Problem requirements — Every record below should be copied exactly, with the pictures left out.

Listed records below:

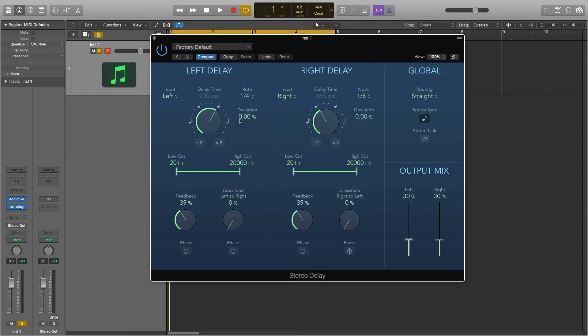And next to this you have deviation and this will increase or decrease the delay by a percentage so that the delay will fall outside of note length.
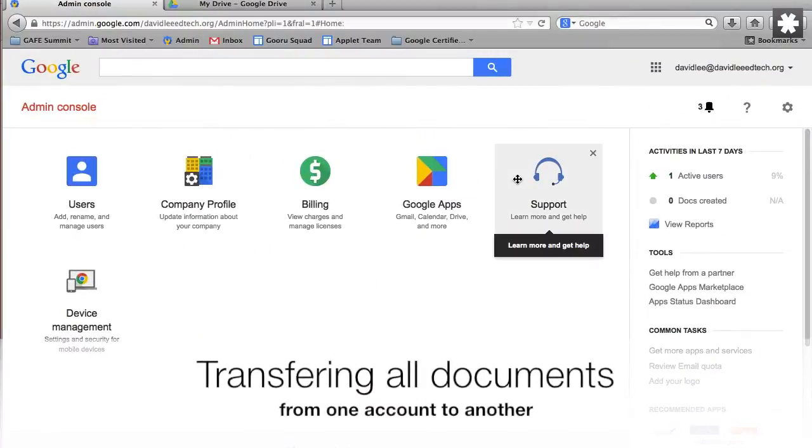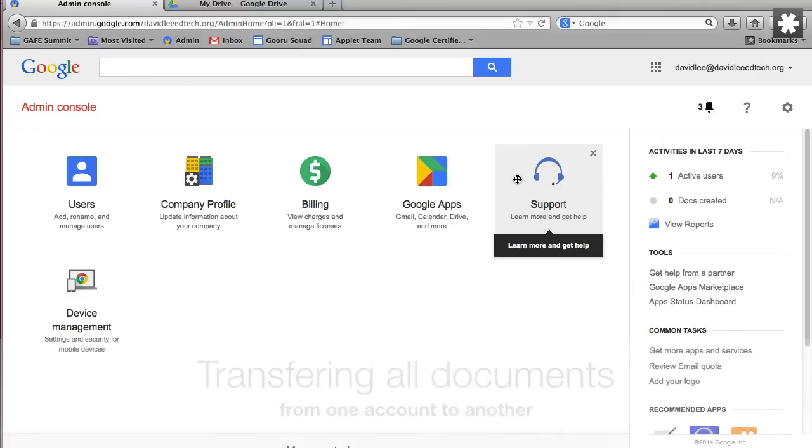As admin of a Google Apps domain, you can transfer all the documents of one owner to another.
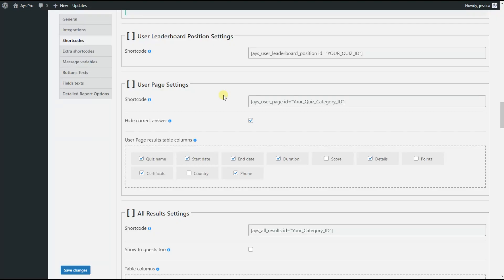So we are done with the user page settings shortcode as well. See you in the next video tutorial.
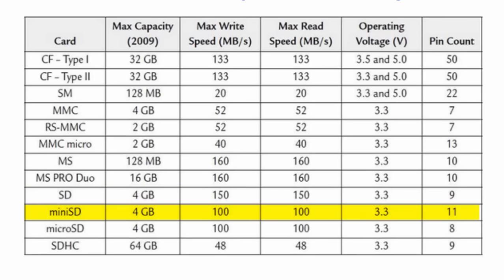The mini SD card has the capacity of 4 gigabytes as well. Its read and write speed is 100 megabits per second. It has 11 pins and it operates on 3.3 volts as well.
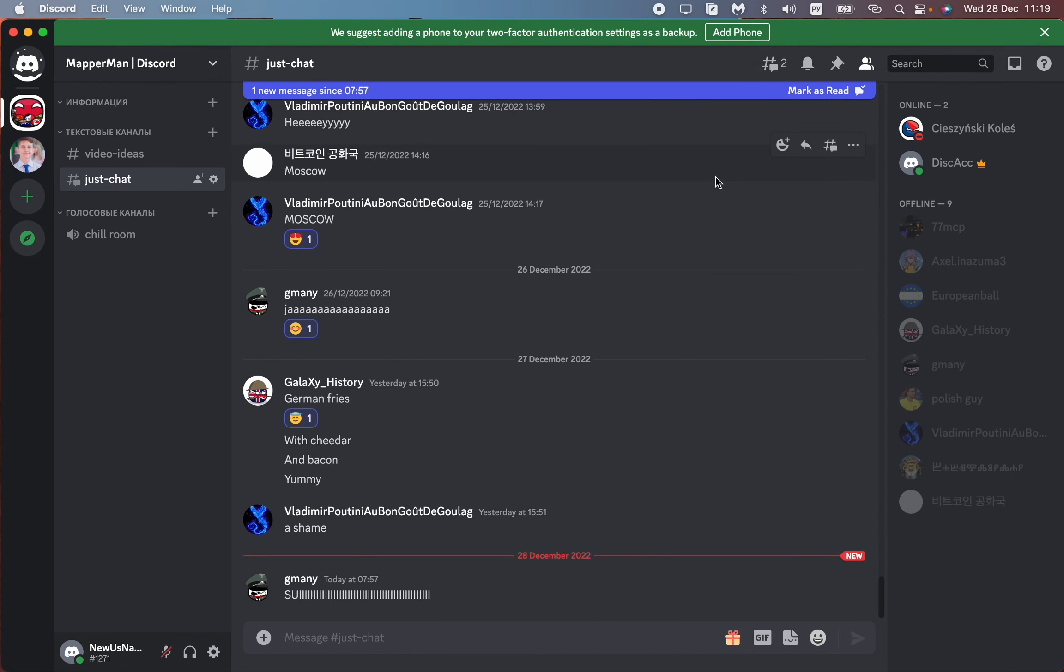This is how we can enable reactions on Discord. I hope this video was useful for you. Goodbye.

End of Listed records.

Answer space —
And next to this you have deviation and this will increase or decrease the delay by a percentage so that the delay will fall outside of note length.
As admin of a Google Apps domain, you can transfer all the documents of one owner to another.
So we are done with the user page settings shortcode as well. See you in the next video tutorial.
The mini SD card has the capacity of 4 gigabytes as well. Its read and write speed is 100 megabits per second. It has 11 pins and it operates on 3.3 volts as well.
This is how we can enable reactions on Discord. I hope this video was useful for you. Goodbye.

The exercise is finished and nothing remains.